Revisando a História
da Mulher Samaritana (João 4)
Dr. Eli
Lizorkin-Eyzenberg
O capítulo que relata
a história de Jesus encontrando a mulher Samaritana junto ao poço de Jacó, em
João 4, começa definindo o cenário para o que acontecerá mais tarde em Samaria
e está firmado no que aconteceu na Judeia no tempo em que já se desenvolvia o Evangelho. A popularidade
crescente de Jesus resultou em um significativo número de seguidores.
Seus discípulos
realizaram um antigo ritual Judaico de lavagem cerimonial com água, assim como
fez João Batista e seus discípulos.
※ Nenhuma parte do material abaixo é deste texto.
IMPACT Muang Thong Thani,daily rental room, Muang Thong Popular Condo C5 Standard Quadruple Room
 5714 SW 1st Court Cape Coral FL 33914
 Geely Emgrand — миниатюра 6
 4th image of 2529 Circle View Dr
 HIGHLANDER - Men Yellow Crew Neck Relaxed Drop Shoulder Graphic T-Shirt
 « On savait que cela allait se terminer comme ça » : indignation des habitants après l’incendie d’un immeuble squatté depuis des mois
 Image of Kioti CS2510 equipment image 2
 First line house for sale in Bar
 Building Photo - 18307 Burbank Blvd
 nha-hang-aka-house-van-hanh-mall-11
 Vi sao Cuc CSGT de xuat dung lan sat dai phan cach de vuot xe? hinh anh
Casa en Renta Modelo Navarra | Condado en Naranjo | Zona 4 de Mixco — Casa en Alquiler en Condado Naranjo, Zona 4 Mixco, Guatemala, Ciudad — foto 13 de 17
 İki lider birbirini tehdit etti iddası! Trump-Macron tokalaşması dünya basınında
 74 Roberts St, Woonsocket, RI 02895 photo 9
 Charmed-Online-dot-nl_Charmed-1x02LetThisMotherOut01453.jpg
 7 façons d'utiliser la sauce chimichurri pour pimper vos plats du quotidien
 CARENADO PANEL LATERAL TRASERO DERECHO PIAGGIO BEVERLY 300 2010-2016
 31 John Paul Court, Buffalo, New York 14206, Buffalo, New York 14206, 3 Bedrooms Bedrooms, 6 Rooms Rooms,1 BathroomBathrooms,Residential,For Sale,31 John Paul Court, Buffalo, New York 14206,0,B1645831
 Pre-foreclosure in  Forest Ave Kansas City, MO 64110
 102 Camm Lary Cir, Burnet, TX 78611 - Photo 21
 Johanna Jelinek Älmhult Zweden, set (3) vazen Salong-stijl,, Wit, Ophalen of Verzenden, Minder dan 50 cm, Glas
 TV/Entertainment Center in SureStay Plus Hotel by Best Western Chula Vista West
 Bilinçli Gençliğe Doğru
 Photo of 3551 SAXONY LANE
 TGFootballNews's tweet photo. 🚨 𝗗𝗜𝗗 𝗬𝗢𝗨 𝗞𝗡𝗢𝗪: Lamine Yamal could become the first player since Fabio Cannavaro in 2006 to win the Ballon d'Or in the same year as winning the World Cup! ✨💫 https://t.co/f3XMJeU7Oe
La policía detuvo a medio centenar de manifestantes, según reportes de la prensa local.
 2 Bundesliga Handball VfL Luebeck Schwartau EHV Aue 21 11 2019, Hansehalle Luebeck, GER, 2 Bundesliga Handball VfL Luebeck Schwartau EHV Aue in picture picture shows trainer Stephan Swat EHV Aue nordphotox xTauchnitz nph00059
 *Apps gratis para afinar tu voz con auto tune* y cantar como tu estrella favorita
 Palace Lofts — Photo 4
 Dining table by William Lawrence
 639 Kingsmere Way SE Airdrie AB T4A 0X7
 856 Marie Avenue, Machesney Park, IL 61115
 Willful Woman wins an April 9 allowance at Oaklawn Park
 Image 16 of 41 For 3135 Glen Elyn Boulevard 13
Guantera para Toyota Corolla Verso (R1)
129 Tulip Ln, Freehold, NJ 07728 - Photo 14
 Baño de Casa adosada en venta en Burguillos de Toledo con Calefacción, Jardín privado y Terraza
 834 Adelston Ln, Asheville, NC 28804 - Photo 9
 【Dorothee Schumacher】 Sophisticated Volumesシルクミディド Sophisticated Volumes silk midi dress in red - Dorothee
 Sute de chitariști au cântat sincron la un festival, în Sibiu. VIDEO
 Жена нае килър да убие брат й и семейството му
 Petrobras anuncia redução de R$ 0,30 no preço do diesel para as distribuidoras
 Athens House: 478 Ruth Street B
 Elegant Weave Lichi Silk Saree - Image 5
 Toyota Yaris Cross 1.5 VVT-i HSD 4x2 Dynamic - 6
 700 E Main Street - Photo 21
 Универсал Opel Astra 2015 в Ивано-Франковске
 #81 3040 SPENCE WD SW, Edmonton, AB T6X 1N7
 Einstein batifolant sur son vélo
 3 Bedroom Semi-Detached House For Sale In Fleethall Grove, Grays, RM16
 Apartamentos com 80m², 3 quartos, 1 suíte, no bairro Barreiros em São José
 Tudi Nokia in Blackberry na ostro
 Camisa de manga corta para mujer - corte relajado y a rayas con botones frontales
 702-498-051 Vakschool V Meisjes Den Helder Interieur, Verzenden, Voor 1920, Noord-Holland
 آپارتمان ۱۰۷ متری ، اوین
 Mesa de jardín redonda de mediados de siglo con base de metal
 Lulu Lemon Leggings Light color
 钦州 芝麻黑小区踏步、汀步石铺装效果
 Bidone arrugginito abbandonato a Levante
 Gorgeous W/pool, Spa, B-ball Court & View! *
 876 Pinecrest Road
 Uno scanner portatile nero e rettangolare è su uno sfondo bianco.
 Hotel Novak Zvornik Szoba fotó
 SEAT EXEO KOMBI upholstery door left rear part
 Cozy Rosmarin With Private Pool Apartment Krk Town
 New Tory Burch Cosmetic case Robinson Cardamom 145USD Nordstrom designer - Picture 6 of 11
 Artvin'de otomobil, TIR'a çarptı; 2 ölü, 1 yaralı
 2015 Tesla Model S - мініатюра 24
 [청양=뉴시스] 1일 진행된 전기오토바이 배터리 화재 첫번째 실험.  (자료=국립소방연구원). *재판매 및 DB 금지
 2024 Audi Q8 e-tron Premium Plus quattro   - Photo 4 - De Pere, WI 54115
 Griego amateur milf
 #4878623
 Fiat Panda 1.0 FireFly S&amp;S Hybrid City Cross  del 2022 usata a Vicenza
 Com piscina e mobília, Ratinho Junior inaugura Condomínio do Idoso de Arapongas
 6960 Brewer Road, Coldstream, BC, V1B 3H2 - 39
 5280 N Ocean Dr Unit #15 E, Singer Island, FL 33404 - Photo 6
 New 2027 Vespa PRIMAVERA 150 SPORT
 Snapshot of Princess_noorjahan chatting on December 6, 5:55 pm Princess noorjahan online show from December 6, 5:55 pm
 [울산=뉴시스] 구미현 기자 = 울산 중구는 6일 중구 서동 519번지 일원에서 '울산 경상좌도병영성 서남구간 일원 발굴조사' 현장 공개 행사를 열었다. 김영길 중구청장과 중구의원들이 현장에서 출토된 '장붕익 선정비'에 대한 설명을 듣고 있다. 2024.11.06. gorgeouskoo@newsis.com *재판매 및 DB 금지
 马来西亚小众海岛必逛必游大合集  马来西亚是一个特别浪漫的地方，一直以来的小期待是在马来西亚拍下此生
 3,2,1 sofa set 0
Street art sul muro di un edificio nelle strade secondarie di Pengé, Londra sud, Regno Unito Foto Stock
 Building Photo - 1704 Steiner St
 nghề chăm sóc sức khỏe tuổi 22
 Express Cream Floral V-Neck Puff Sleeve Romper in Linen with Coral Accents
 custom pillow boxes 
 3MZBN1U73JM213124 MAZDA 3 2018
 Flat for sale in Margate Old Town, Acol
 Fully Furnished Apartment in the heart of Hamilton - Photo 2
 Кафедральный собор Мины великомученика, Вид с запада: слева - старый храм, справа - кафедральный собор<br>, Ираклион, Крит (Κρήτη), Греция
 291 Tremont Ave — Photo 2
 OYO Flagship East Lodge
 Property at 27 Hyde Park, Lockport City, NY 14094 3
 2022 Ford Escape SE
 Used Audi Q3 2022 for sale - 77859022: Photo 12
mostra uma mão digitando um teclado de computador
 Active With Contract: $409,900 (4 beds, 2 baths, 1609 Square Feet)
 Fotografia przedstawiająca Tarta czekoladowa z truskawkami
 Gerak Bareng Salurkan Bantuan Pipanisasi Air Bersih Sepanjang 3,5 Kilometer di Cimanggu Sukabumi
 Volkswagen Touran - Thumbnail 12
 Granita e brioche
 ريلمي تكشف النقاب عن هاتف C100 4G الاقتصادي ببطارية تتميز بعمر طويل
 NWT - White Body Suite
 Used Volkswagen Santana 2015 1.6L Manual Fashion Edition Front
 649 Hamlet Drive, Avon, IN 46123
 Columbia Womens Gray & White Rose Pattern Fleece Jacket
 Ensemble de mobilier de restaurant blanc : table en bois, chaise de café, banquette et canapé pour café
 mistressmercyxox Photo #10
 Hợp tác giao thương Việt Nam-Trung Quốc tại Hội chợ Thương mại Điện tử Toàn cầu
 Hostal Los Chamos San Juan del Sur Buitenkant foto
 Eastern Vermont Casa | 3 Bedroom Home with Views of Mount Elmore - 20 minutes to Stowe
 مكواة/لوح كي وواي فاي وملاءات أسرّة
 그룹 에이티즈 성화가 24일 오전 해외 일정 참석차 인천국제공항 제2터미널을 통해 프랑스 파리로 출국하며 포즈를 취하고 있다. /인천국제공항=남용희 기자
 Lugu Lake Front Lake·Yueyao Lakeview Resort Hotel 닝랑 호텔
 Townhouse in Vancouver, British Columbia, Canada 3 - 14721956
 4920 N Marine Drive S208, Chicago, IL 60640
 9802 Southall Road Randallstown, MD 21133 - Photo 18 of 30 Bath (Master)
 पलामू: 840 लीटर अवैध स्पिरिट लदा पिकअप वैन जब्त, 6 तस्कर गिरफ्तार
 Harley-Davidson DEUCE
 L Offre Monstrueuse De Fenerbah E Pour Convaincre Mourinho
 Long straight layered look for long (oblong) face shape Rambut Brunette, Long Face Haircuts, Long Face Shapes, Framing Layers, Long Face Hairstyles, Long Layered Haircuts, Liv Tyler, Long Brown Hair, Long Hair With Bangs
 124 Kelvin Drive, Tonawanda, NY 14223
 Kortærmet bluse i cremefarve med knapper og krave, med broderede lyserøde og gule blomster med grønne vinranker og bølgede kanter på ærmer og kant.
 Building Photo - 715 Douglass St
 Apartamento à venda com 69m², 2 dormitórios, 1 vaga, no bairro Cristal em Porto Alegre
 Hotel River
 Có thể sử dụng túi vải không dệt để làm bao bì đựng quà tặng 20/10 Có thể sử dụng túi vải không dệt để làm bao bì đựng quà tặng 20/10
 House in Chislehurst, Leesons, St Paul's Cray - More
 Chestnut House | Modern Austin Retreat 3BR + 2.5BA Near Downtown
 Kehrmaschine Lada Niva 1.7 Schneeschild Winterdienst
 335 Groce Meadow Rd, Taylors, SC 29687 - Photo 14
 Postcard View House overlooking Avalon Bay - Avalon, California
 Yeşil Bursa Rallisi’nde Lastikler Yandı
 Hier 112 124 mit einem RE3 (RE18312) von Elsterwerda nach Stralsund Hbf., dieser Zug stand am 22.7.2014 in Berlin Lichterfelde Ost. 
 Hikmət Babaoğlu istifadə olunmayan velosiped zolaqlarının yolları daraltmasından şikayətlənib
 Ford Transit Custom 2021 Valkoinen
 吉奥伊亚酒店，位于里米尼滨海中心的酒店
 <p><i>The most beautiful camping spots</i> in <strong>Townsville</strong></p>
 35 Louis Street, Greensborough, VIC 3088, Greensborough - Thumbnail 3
O ritual representava a confissão dos
pecados das pessoas e seu reconhecimento da necessidade do poder purificador do
perdão de Deus. Quando ficou claro para Jesus que as multidões estavam se
tornando maiores, mas especialmente quando soube que muitos fariseus estavam
alarmados, ele decidiu que era hora de ir para a Galiléia para continuar seu
ministério (versículos 1-3).
Geografia
O texto simplesmente
diz que Jesus “teve de passar por Samaria” (vs.4). Talvez, neste momento uma
curta aula de geografia seja útil. As terras Samaritanas ficavam entre as
terras da Judéia e da Galiléia. O caminho contornando Samaria levava o dobro do
tempo, ao invés dos três dias necessários indo direto da Galiléia a Jerusalém,
porque evitando Samaria era preciso atravessar o rio Jordão duas vezes para seguir
um caminho a leste do rio (Vita 269). O caminho através de Samaria era mais
perigoso, porque eram comuns os ânimos se exaltarem entre Samaritanos e Judeus
(Ant. 20,118; Guerra 2.232). Não nos é dita a razão pela qual Jesus e seus
discípulos precisavam passar por Samaria. João simplesmente diz que Jesus
“tinha que ir”, implicando que para Jesus isto não era comum. Talvez Jesus
precisasse chegar à Galiléia relativamente rápido. Mas o texto não nos dá
nenhuma indicação de que ele tinha um convite pendente para um evento na
Galiléia para o qual ele estava atrasado. Ele saiu quando sentiu a iminência de
um confronto com os fariseus sobre a sua popularidade entre os Israelitas. Isto
estava associado à compreensão de Jesus que o tempo para tal confronto ainda
não tinha chegado. Na mente de Jesus, o confronto com a liderança religiosa da
Judéia, (e não se enganem sobre isso, os principais fariseus eram parte
integrante de tal liderança) neste momento era prematuro e que muito precisava
ser feito antes de ir para a cruz e beber do cálice da ira de Deus, em nome da
antiga aliança com o povo e as nações do
mundo. A maneira como Jesus via os Samaritanos e seu próprio ministério entre
eles pode nos surpreender à medida que continuamos a examinar esta
história.
Sabemos que os
movimentos e as atividades de Jesus foram todas feitas de acordo com a vontade
e a liderança do Pai. Ele só fez o que viu o Pai fazer (Jo 5: 19). Sendo este o
caso, podemos estar certos de que a jornada de Jesus através de Samaria, neste
momento foi dirigida por seu Pai e assim, também, foi a sua conversa com a
mulher Samaritana.
A surpreendente
jornada de Jesus através de território
hostil e herético tem um significado além de qualquer explicação superficial.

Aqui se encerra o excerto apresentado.